A week after the government ousted twelve Indian Revenue Service (IRS) officers belonging to the income tax (I-T) department on charges of corruption, it was the turn of their colleagues from the indirect tax department to face the axe on Tuesday. According to an official release, 15 IRS officers in the Central Board of Indirect Tax and Customs (CBIC) cadre, who had attained the age of 50 years and above, have been retired, under Fundamental Rules 56(j).
Under 56 (j), the performance of an officer who has turned 50 or 55 or has completed 30 years of service (whichever is earlier) is being reviewed to ascertain if he/she is liable for compulsory retirement. Though the rule that provides for compulsory retirement of government staff in public interest has existed for several decades, it has sparingly been invoked.
As was the trend in earlier orders, the 15 CBIC officials have had cases against them related to disproportionate assets, impropriety, bribery, misuse of official position or even smuggling. Most of the cases had been initiated by the Central Bureau of Investigation (CBI), and a couple of officials were already under suspension.
For instance, Anup Srivastava (1984 batch), currently posted as additional director-general of audit in Delhi has seven charges against him including illegal favour accorded to a housing society. Similarly, Atul Dikshit (1988 batch), a commissioner rank official currently under suspension, has a CBI case for allowing fraudulent drawback worth over Rs 74 crore and accumulating assets disproportionate to his known source of income.
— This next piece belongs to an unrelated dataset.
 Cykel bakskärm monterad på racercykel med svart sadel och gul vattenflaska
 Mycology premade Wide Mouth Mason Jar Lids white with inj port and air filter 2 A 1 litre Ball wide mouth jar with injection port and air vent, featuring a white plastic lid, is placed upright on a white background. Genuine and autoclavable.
Additionally, Nalin Kumar, joint commissioner (2005 batch) and SS Pabana, assistant commissioner (2014 batch) have been retired while under suspension currently. While Kumar has a CBI case against him on amassing disproportionate assets, Pabana was arrested by Department of Revenue Intelligence (DRI) for abetting foreign currency exports.
Further, Ashok Kumar Aswal, deputy commissioner (2003 batch) and currently posted as directorate of logistics in Delhi has a CBI case for accepting bribe of Rs 10 lakh. Another official of assistant commissioner rank, Mohd Altaf (2009 batch), currently posted in Allahabad, was found to be the mastermind and investor in smuggling of Red Sanders by adjudicating authorities and faced a penalty of over Rs 2 crore.
The orders issued by the department of revenue against these officials read as: “…. in exercise of the powers conferred by clause (j) of rule 56 of the fundamental rules, the president hereby retires ……… with immediate effect, he having already attained the age of 50 years.” The order said that the each official retired will be paid a sum equivalent to the amount of his pay plus allowances for three months equivalent to last drawn salary.
As FE reported earlier, the government has stepped up a process to identify the dead wood at the top rung of the bureaucracy, with a view to retiring several hundreds of non-performers over the next few months. According to sources, the Cabinet Secretariat and the Central Vigilance Commission have given verbal instructions to the vigilance heads in many departments to expedite the process of identifying officers for compulsory retirement.
The first Narendra Modi government made an attempt to make use of this rule but it could get only about 230 officers to leave government service before their scheduled superannuation on grounds of non-performance/lack of integrity. This time round, the axe could fall on a few thousand at least, sources said.